— Благодарю вас, но я вырос в глуши.
Если никто не поможет мне свернуть шею, я ее и не сверну.
— Это хорошо, — женщина улыбнулась, и
вот в этой улыбке родство с Сэймэем показало себя с разительной
силой.
Райко поклонился и вернулся к
своим.
* * *
Утро выдалось холодное и сырое, как
накануне красный закат и предвещал. Староста, что с вечера опасливо
косился на заезжих самураев, с утра только хмурился и кряхтел. Был
он по здешним меркам человек зажиточный, даже дом крыт не соломой,
а дранкой. Но, видать, не очень много о последующих рождениях
думал, и исправлять свою карму благодеяниями не торопился: самураям
ни омовения, ни жаровни в комнату не предложил.
Утром, едва рассвело, расторопный
Цуна только успел огонь в очаге развести да котелок повесить — как
в ворота постучали. Староста с удивительным проворством и не менее
удивительной любезностью склонился перед монахиней с посохом, в
дорожной широкой шляпе с вуалью. Та подняла вуаль — и гости
старосты тоже преклонили колена, кто быстрей, кто медленнее. В
воротах стояла сама почтенная Сэйсё. В поводу она вела низкорослого
лохматого коника, довольно понурого с виду.
— Ну, тут кто-нибудь собирается
накормить одинокую старую монахиню? — спросила женщина у
старосты.
Тот, не разгибаясь, провел ее в
комнаты, где Райко и его люди уже наладились подкрепиться перед
дорогой. Еда была самой простой: просяная каша да слегка
приваренные кусочки высушенного тунца из дорожных запасов
Райко.
— Дайте-ка и мне, — монахиня,
поставив посох у дверей, протянула хозяйке чашу для подаяний — и та
лопаткой поспешно набросала туда неприглядного варева.
Преподобная Сэйсё не переставала
удивлять. Теперь оказалось, что ест она так же споро, как Кинтоки.
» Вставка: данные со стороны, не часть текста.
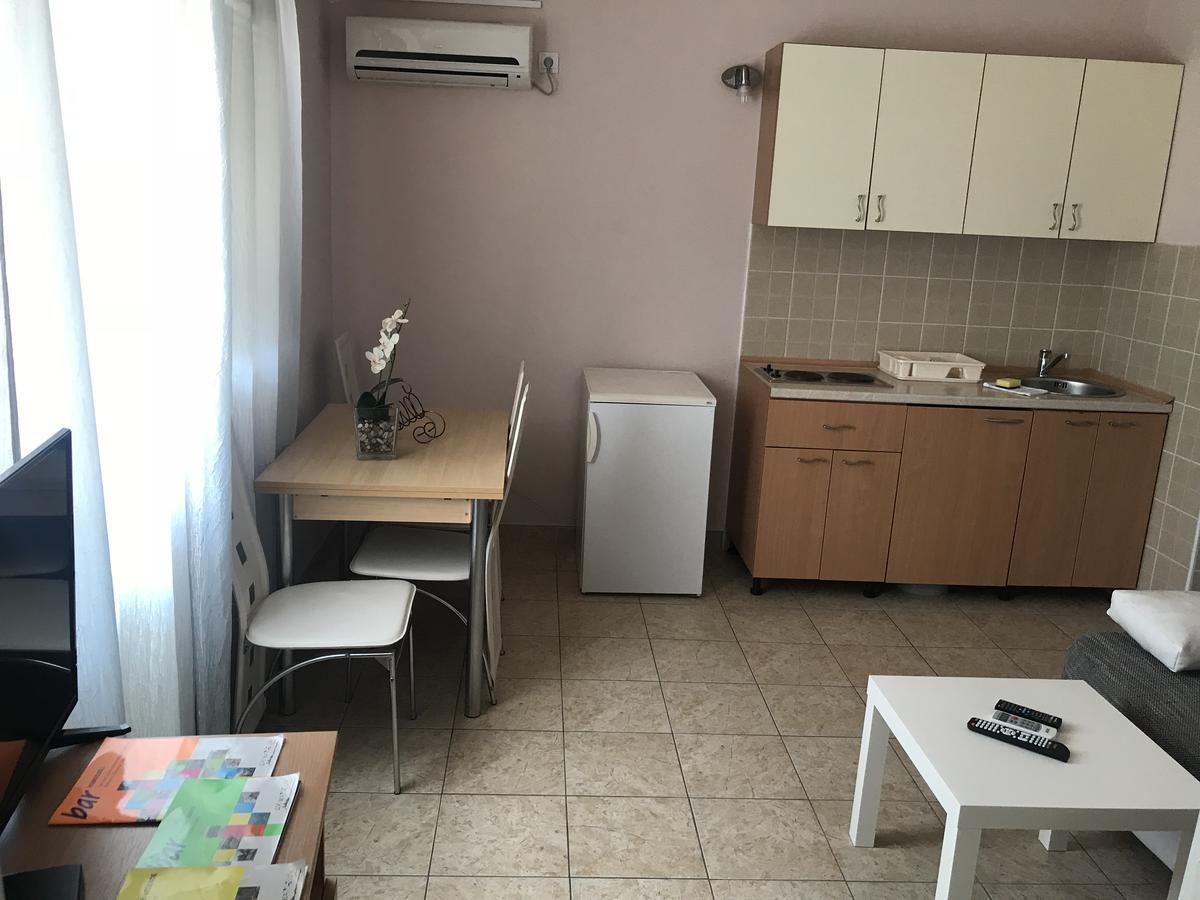 Apartmani Tomovic Сутоморе Экстерьер фото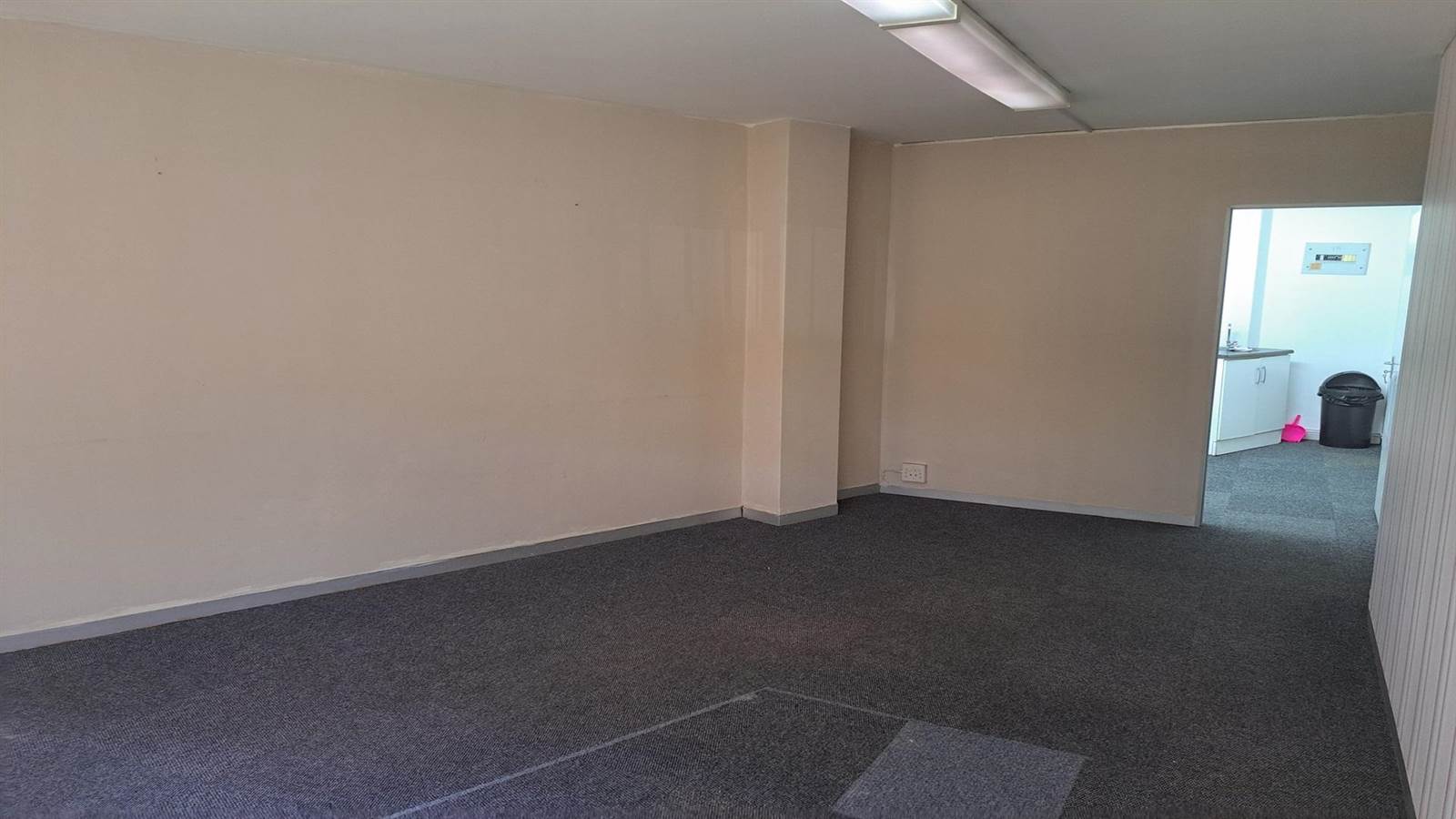 105  m² Office Space in Kloof photo number 8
Своей простой до грубости повадкой она напоминала преподобного Куя,
которого Райко глубоко почитал за подлинно святой образ жизни — но
представить себе преподобного Куя так лихо уписывающим просо за обе
щеки Райко никак не мог.
— Вы самолично приехать соизволили, —
проговорил он, теряясь. — Такая честь для нас…
— Мой непутевый сынок, — монахиня
слизнула с губы приставшее зернышко, — не желает высовывать носа из
столицы и отправил вас, желторотых птенцов, одних к чертям в зубы.
Ну да старушка еще не совсем мертва, хвала имени Будды.